LE CHÂTEAU AU CENTRE DES COMBATS
Durant l’été, la guérilla précéda la Libération, une bataille sanglante opposa le 30 juillet 1944, l’armée allemande et les Unités FFI dans ce petit village de 200 âmes, perchés à 800 mètres d’altitude dans le Livradois . Quinze résistants qui cantonnaient dans le château perdirent la vie au cours de ce combat qui provoqua l’incendie du château classé monument historique.
Depuis le 26 juillet 1944, 55 combattants du FFI du 4ème Bataillon du Maquis d’Auvergne s’étaient retranchés au château de Chaméane. Leur séjour fut de courte durée.
C’est ainsi que le 30 juillet 1944, un convoi allemand fut repéré Sauxillanges (Puy-de-Dôme). Prévenus, les maquisards préparèrent précipitamment leur départ du château car l’ennemi devrait être vite là.

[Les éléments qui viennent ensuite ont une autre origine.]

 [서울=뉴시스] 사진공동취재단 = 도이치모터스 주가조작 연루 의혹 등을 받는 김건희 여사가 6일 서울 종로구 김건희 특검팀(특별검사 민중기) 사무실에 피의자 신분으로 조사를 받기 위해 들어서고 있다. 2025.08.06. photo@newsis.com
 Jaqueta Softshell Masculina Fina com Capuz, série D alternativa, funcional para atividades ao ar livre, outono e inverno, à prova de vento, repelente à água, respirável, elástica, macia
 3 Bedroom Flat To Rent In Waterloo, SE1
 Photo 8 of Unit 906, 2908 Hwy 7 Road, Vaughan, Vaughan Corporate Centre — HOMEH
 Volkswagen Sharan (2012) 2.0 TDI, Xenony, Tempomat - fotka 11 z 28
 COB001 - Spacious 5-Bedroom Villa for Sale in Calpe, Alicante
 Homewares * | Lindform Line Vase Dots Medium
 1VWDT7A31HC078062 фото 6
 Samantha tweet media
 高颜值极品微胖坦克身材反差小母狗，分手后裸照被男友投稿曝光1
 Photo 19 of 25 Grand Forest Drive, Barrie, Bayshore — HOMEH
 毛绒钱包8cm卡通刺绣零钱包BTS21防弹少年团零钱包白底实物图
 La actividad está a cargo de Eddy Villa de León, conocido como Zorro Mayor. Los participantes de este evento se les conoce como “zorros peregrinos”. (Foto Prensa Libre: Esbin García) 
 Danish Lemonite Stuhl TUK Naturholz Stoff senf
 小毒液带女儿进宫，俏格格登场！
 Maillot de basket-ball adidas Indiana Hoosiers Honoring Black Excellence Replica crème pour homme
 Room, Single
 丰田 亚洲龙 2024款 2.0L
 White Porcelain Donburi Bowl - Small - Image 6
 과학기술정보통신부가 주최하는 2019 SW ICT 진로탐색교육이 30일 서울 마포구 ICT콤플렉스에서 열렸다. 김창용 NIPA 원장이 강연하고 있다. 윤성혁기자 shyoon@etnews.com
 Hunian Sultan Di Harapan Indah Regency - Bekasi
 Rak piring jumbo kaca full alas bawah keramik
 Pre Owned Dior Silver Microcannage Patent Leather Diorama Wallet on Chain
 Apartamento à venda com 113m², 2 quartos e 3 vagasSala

A 12h30, des colonnes allemandes venant de la direction de Sauxillanges, mais aussi des autres routes menant à Chaméane convergèrent vers le village ( environ 800) L’affrontement s’avéra disproportionné, et le combat fit rage jusqu’à 16h30. Les témoignages sont rares, mais on sait que les résistants repoussèrent plusieurs attaques et que les survivants réussirent à évacuer les lieux.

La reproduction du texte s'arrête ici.